**** Source material ****
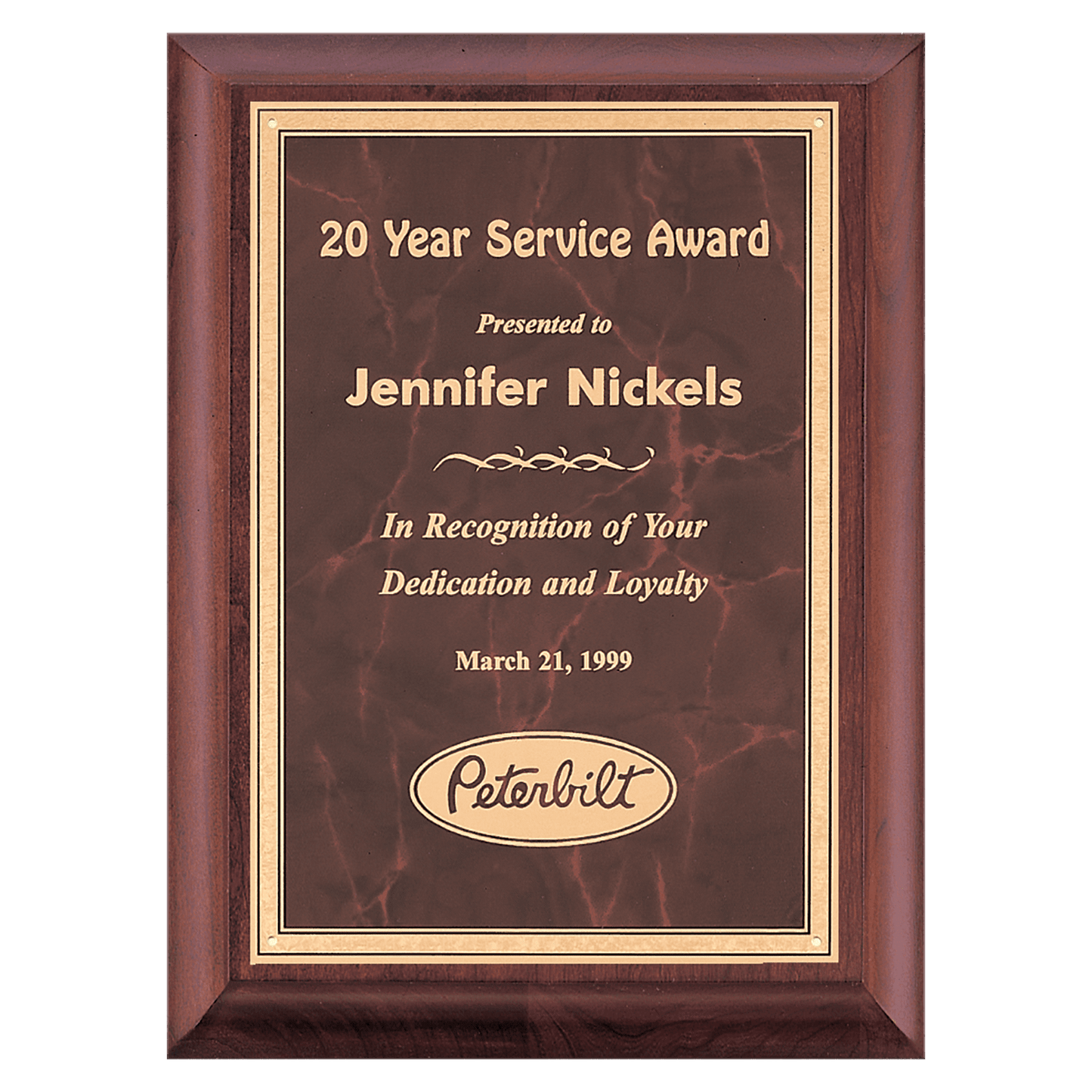 Cherry Finish Plaque with Ruby Marble Gold 8" x 10" Hand Rubbed Border LaserFX Plate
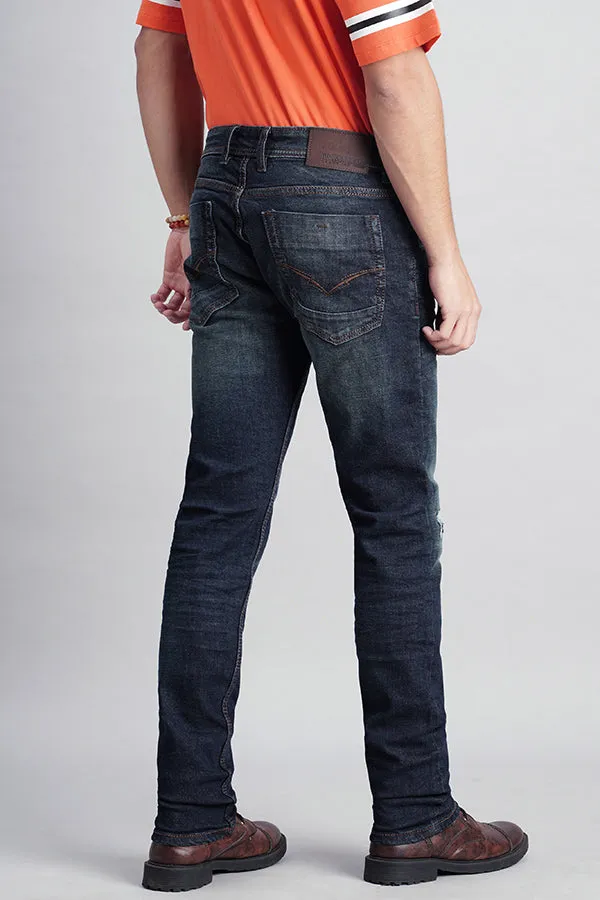 Dk Blue 5 Pocket Mid-Rise Slim Fit Jeans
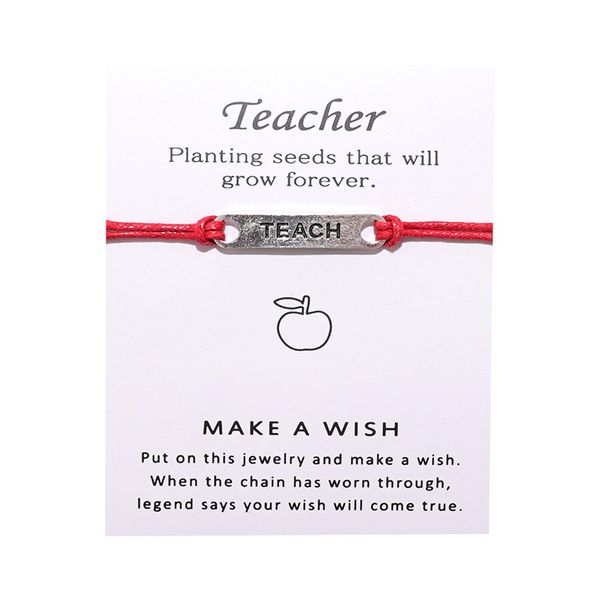 

in bulk make a wish gift card bracelet retro alloy teacher blessing hand rope bracelets gift jewelry accessories, Golden;silver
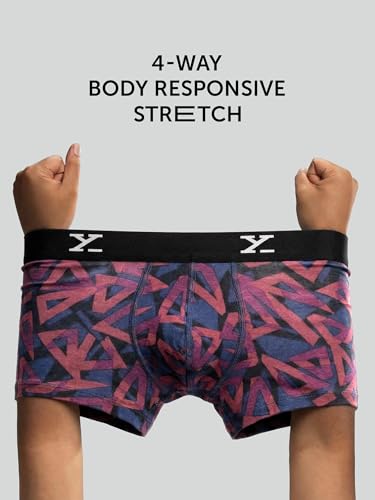 Image of XYXX Men's CloudSoft Modal Printed Trunks| Snug Fit, 4-Way Stretch & No-Marks Waistband Underwear for Man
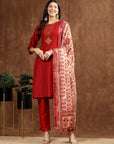 Women'S Solid Silk Kurta And Palazzo Set With Dupatta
****
Among the entries above, find the line with "Dk Blue 5 Pocket Mid-Rise Slim Fit Jeans" and repeat exactly from there through the line with "in bulk make", leaving out the pictures.

 Dk Blue 5 Pocket Mid-Rise Slim Fit Jeans

in bulk make a wish gift card bracelet retro alloy teacher blessing hand rope bracelets gift jewelry accessories, Golden;silver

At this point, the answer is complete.